Later, a prospective study for children 6–36 months old visiting a pediatric center at Morocco in 2018 investigated the nasopharyngeal colonization of S. pneumoniae in children with acute otitis media (AOM). The study found that the pneumococcal carriage rate among children with AOM was 49.7%. Of the 63 serotyped isolates, 81% were NVTs, with the most common being 6C/6D, 10, and 19B/19C. The study also observed significant resistance to penicillin G (27.5%), while antibiotic susceptibility was higher for most other antibiotics tested, except for penicillin G and amoxicillin (Amari et al., 2022).
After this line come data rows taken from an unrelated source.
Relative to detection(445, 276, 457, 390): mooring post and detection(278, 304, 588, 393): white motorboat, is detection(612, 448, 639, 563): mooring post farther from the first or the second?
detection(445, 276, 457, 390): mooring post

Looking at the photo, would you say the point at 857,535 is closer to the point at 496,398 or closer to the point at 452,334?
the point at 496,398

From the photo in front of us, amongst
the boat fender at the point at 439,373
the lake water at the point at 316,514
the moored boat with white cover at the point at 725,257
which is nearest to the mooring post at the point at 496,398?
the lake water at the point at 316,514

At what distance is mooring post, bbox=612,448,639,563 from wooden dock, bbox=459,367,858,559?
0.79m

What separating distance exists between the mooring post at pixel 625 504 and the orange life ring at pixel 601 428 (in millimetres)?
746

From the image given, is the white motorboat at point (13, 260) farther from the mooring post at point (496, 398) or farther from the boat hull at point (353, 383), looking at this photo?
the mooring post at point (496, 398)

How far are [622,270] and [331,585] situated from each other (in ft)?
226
Another observational study in Pakistan between 2006 and 2020 examined capsular switching, and AMR profiles of Streptococcus pneumoniae isolates pre and post introduction of PCV10. For the AMR profiles, the study found high resistance against common antibiotics, particularly penicillin (58.9%), erythromycin (29.5%), and tetracycline (53.2%). For vaccination coverage, the study reported that the PCV10 vaccine had limited coverage of circulating serotypes in Pakistan. In disease-causing isolates, only 33.3% were covered by PCV10. Additionally, several non-vaccine serotypes, such as 6A, 3, 19A, and 23B, emerged as prevalent in the post-PCV10 era, highlighting the issue of serotype replacement and that introduction of more serotypes, as seen with PCV13 and the emerging PCV24, would improve coverage and potentially reduce disease burden (Javaid et al., 2024).
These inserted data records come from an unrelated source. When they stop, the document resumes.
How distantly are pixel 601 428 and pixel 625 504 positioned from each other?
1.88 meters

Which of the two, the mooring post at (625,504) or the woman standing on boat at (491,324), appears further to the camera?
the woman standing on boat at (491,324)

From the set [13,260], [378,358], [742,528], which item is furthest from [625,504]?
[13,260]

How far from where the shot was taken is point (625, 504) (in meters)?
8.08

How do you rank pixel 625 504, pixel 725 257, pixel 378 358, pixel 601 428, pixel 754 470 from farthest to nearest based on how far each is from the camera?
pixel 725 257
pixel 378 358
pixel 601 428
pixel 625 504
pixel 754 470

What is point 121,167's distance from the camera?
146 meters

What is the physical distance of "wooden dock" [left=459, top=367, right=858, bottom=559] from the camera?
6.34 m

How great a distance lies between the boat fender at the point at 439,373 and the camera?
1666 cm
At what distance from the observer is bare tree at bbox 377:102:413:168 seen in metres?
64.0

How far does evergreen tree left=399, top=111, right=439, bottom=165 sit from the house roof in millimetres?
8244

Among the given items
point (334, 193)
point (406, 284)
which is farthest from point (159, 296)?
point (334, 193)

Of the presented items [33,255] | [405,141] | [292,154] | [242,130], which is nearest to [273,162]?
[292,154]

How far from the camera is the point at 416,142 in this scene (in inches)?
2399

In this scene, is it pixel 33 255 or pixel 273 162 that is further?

PCV introduction and various AMR trends

The introduction of PCV and the resulted serotype replacement is accompanied by a clinical outcome and reflection on AMR trends that we should be monitoring to address promptly. A retrospective study between (2010 and 2015) in Saudi Arabia aimed to monitor trends in AMR. It reported a notable improvement in penicillin susceptibility, increasing from 37% in the pre-PCV13 vaccination period to 51% during the transitional period, and reaching 100% in the post-PCV13 vaccination period. Their finding demonstrated improved penicillin susceptibility. This outcome underscores the influence of the post-vaccination era, as vaccination has been well-documented to significantly reduce the nasopharyngeal carriage rate and IPD caused by vaccine serotypes in children, while also promoting herd immunity in adults (Farah et al., 2019).
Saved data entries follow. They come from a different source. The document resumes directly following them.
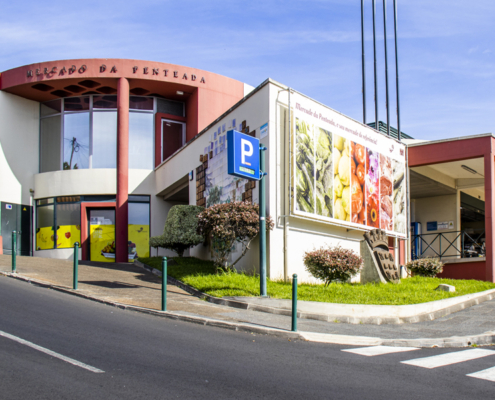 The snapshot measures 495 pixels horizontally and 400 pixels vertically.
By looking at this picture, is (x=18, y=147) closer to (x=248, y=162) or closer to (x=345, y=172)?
(x=345, y=172)

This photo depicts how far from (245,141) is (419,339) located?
19.3 feet

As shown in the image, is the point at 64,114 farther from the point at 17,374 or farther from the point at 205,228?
the point at 17,374

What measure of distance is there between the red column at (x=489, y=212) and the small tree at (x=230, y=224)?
9045 millimetres

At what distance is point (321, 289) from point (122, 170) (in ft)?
47.7

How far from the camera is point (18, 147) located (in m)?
25.8

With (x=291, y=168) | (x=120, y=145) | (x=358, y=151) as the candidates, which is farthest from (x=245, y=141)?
(x=120, y=145)

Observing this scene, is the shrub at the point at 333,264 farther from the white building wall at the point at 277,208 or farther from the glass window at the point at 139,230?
the glass window at the point at 139,230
In another surveillance study in Iran conducted between 2018 and 2019, Nearly half of the S. pneumoniae strains were classified as multidrug-resistant (MDR). Non-vaccine serotypes accounted for 16% of isolates, 65% of which were identified as MDR. The rising incidence of MDR serotypes, such as 19A, and increasing AMR rates is noticed (Habibi Ghahfarokhi et al., 2020). Another observational study in Iran between 2011 and 2013 focused on erythromycin resistant S. pneumoniae (ERSP) genes post PCV era found that 83% of the ERSP isolates were MDR (resistant to 3 or more classes). Both studies highlight the importance of continuous surveillance to monitor MDR with the introduction of various vaccines (Talebi et al., 2016).

Similarly, A retrospective analysis in UAE from 2010 to 2021 found that after introduction of PCV-13 which was introduced in the UAE in 2011, a statistically significant decline in resistance to amoxicillin and penicillin G was observed at both non-meningitis and meningitis breakpoints. On the other hand, the proportion of MDR isolates, defined as resistance to three or more antibiotic classes, increased from 16.4% in 2013 to 42.2% in 2021, with this upward trend being statistically significant. Again, this highlights how the introduction of vaccines targeting specific serotypes may lead to an increase in non-vaccine serotypes, some of which may exhibit AMR (Senok et al., 2023).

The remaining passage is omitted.